Rientra in carrozzina. Il marito la sistema sul divano, poi va in cucina. In quel momento, quella voce ritorna: “Diglielo, chiamalo”. Non capisce, ma alla fine chiama Antonio: “Vieni, è successo qualcosa”.

Si alza in piedi da sola. Cammina. Fa anche due giravolte. Suo marito si accascia sulla sedia dalla commozione. Si abbracciano, piangono.

E Antonietta capisce che quella grazia è per lei: “Io avevo chiesto una grazia per una bambina, e invece…”. La vita quotidiana si riempie di stupore e gratitudine: “Non fu turbamento, ma pace. Ogni volta che racconto questo episodio, lo rivivo. E mi accompagna ogni giorno”. A marzo 2010 apre la pratica a Lourdes: “Il Bureau médical ci accolse. Mi sottoposi a ogni visita richiesta. Per me era importante: se la mia storia poteva aiutare la ricerca per trovare un farmaco, allora ero disponibile. Anche la diocesi ha seguito tutto il percorso. Il silenzio è stato giusto”. Quello di Antonietta Raco è oggi riconosciuto come il 72° miracolo ufficialmente certificato a Lourdes.

“Oggi, dopo sedici anni, lo vivo come allora.
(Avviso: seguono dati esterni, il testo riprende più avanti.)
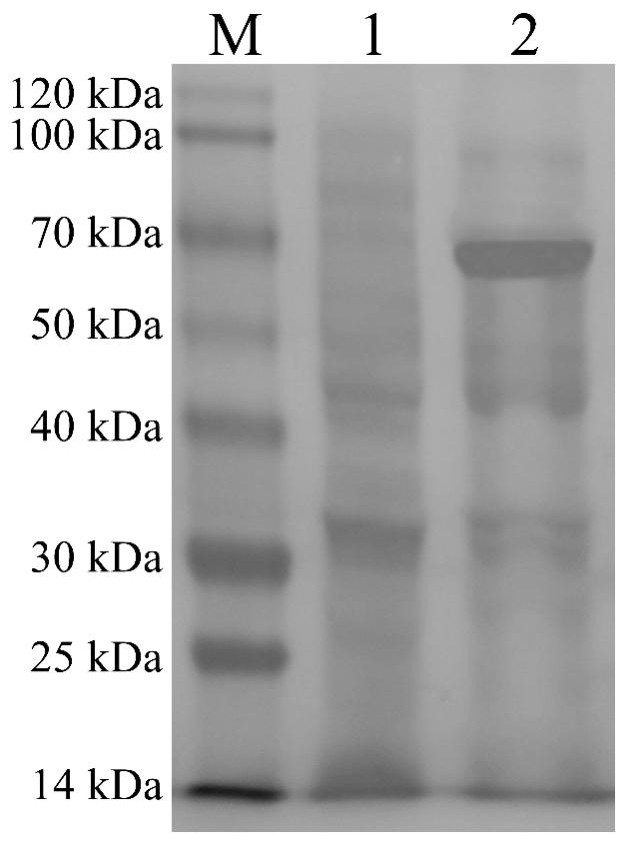 A kind of perch rhabdovirus g2-2m subunit vaccine and its preparation method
Nulla è cambiato con il riconoscimento del miracolo, la mia fede era già profonda e si è solo rafforzata. Quando ascolto il Vangelo, tremo, perché so di cosa si parla. L’ho vissuto sulla mia pelle”.

Antonietta vive con semplicità: “Sono una persona normale, che si occupa della famiglia. Da quell’anno sono tornata ogni anno a Lourdes come volontaria Unitalsi. Perché loro mi hanno accompagnata, e ora voglio farlo anch’io con altri. Lourdes, per me, è tutti i giorni”. La relazione con Maria è intima, quotidiana: “Con Lei sento una vicinanza fatta di tenerezza. Quando si parla di Lei, mi sciolgo. Appartiene alla mia vita. Vorrei dire a chi soffre di non perdere mai la speranza. La preghiera ci sostiene nei momenti più bui. Il Signore ascolta. E se il miracolo è accaduto proprio a me, una persona qualunque, è solo perché siamo nelle mani di Dio. La sua volontà resta un mistero, ma possiamo fidarci”.